Exercise

Does age play a role?

Another variable that could influence survival is age; since it's probable that children were saved first. You can test this by creating a new column with a categorical variable Child. Child will take the value 1 in cases where age is less than 18, and a value of 0 in cases where age is greater than or equal to 18.

To add this new variable you need to do two things (i) create a new column, and (ii) provide the values for each observation (i.e., row) based on the age of the passenger.

Adding a new column with Pandas in Python is easy and can be done via the following syntax:

your_data["new_var"] = 0

This code would create a new column in the train DataFrame titled new_var with 0 for each observation.

To set the values based on the age of the passenger, you make use of a boolean test inside the square bracket operator.

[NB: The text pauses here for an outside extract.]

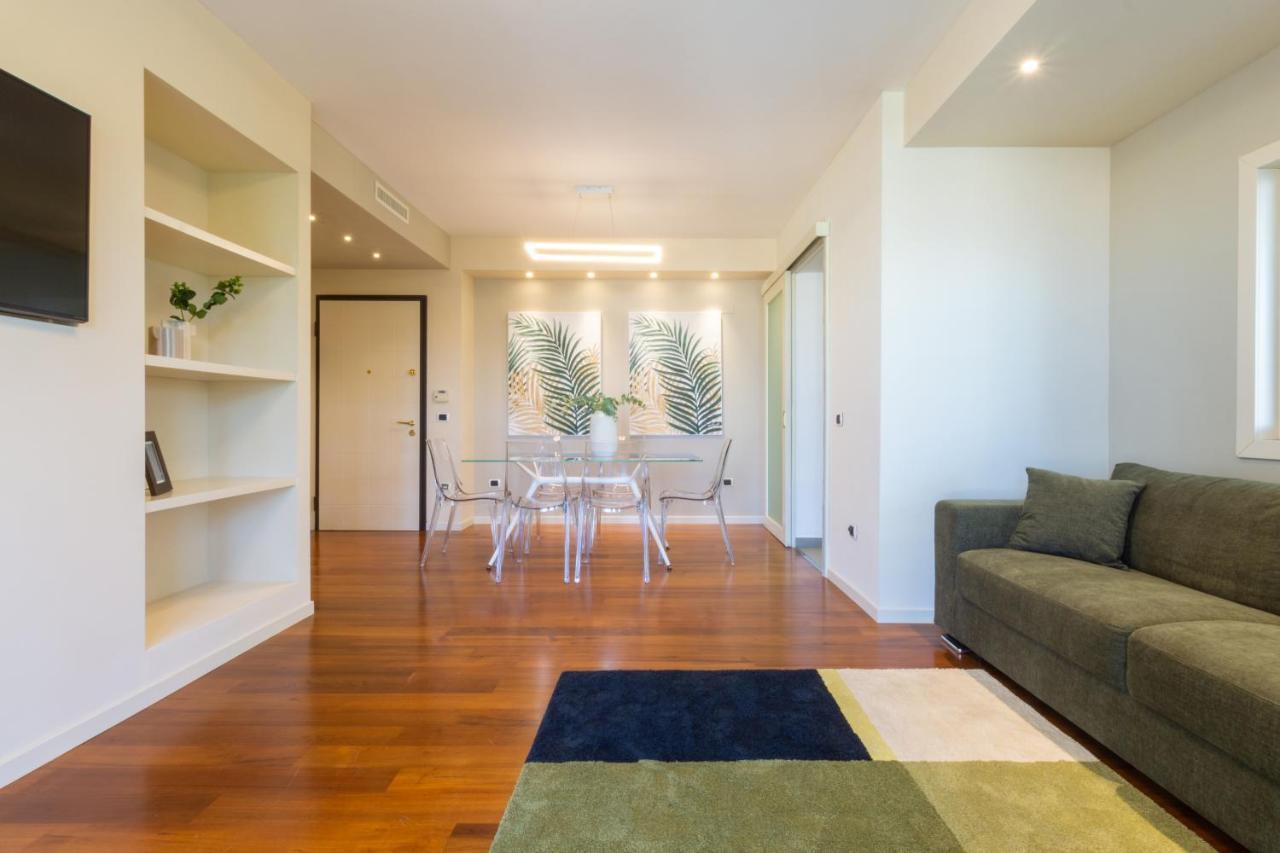 Terrazza61 - Appartamento Con Vista Spettacolare Sulla Citta Di กาญารี ภายนอก รูปภาพ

With the []-operator you create a subset of rows and assign a value to a certain variable of that subset of observations. For example,

train["new_var"][train["Fare"] > 10] = 1

would give a value of 1 to the variable new_var for the subset of passengers whose fares greater than 10. Remember that new_var has a value of 0 for all other values (including missing values).

A new column called Child in the train data frame has been created for you that takes the value NaN for all observations.

Instructions

100 XP
  • Set the values of Child to 1 is the passenger's age is less than 18 years.
  • Then assign the value 0 to observations where the passenger is greater than or equal to 18 years in the new Child column.
  • Compare the normalized survival rates for those who are <18 and those who are older. Use code similar to what you had in the previous exercise.